Hello everyone, here is the latest...again

Well, yesterday I pulled the new distibutor and replaced it with the old one. She started right up like old times, I let her run for 5 minutes and decided I could start messing with the distributor timing. By the way, we definetely are convinced the timing chaing was aligned correctly when installed. As soon as I put a little pressure on the distributor bolt it started to run very poorly and I had to back the bolt off just a hair. I am starting to think there is a problem with the cam :(???
We noticed that when the engine was running, this last time for 8 minutes, there is a slight rubbing sound coming from the back of the engine, almost sounds like a bearing going. And when we try to give it some gas above 2000 rpm it doesnt want it and starts to run poorly again.

This is the first time so far that I was able to start and stop the engine even after it was warm.

We pulled one of the valve covers and did not notice anything unusual or bent.
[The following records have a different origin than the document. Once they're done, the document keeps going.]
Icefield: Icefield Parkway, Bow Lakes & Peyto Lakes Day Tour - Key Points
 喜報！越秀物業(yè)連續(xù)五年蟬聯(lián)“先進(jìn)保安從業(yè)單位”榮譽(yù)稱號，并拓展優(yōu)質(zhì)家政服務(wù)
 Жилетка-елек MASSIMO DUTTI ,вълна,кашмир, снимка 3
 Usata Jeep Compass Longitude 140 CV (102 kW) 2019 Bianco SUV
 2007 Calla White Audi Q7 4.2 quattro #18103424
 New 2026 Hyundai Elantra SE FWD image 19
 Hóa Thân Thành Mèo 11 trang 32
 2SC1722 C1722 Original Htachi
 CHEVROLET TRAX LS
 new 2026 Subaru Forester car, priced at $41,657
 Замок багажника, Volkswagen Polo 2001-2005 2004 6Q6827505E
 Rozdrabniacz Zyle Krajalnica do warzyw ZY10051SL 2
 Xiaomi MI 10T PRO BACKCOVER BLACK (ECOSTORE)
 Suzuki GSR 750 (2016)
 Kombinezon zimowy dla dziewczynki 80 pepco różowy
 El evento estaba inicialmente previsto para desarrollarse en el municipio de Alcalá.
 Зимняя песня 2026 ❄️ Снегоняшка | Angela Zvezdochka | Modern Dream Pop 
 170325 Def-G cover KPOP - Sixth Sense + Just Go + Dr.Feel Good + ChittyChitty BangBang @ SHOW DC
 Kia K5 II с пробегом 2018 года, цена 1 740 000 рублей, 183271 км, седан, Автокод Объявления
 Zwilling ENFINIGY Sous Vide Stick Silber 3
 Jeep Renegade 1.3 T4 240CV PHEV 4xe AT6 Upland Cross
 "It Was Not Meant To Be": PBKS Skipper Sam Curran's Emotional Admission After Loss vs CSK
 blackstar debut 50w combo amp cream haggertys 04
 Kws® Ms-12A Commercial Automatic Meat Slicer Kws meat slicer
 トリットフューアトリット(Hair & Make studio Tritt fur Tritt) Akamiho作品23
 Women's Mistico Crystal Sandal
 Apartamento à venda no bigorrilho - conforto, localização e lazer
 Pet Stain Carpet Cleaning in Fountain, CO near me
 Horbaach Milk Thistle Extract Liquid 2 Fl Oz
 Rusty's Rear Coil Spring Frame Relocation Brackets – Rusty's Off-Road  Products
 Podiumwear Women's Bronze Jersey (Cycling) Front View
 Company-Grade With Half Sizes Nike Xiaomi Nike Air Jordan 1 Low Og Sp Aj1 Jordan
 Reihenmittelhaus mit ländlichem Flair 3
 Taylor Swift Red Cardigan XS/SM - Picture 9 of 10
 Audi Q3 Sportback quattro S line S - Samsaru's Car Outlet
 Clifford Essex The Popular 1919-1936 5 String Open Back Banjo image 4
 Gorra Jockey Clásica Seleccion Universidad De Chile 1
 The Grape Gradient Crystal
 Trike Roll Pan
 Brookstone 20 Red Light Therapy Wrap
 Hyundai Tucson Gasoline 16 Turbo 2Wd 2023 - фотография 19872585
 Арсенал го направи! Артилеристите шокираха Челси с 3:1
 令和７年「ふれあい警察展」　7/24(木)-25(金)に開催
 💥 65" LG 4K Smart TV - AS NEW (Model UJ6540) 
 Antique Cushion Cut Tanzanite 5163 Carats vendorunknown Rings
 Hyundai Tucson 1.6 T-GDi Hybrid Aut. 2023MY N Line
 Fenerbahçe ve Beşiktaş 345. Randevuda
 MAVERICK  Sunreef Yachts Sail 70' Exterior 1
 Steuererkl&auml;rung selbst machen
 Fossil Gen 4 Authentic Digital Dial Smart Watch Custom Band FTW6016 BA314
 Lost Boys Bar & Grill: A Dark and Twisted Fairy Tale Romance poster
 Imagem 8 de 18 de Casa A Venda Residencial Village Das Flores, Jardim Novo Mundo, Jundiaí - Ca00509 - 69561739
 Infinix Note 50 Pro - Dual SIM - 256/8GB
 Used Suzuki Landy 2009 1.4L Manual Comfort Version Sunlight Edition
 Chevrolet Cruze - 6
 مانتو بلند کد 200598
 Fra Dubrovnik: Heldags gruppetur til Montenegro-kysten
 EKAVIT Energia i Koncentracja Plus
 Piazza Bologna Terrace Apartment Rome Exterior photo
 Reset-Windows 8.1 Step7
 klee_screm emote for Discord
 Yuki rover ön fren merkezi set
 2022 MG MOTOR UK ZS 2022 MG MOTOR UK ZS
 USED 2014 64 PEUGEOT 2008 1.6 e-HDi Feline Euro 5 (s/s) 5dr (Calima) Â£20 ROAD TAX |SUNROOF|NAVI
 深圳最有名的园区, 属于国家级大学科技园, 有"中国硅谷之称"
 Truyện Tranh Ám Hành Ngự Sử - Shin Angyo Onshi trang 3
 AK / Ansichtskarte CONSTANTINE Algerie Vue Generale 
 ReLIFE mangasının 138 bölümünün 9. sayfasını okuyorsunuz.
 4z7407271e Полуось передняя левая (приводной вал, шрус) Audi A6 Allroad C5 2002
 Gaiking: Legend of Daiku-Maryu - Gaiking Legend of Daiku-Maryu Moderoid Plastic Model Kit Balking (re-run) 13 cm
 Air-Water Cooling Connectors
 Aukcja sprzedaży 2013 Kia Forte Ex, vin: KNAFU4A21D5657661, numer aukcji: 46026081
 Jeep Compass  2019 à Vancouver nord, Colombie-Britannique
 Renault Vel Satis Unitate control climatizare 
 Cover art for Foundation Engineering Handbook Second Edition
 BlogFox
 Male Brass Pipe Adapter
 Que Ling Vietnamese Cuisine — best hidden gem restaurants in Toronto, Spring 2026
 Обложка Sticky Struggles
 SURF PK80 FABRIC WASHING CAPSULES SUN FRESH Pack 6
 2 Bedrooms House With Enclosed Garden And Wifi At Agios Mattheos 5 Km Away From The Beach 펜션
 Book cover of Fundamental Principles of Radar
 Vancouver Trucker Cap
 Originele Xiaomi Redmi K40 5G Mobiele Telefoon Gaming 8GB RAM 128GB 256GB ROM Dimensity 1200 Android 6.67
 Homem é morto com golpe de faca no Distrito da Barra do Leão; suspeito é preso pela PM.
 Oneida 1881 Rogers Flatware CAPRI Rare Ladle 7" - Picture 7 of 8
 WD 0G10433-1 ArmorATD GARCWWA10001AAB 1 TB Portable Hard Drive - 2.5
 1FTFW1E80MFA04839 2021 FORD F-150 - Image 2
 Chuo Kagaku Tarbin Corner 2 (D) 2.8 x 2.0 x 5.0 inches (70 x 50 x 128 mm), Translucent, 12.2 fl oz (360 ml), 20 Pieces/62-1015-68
Odd things so far, if the cam was broken then how did the new distibutor rotor face a new direction on TDC and the old one does not? ( I guess the new one has a broken internal part? I tried what DOn had said, to hold the rotor and try to spin the gear, that didnt work, so if something is broken inside thats the only thing). My new distibutor ran fine for 15 hours before this is happening.

I am starting to think that it may not be the new distibutor, but the old one is hitting #1 TDC every time.

We also replace the coil with a new spare I had on board and we have good spark.

So my questions have now become major ones.

How does a cam break and is there as easier way to check that it is broken without removing it?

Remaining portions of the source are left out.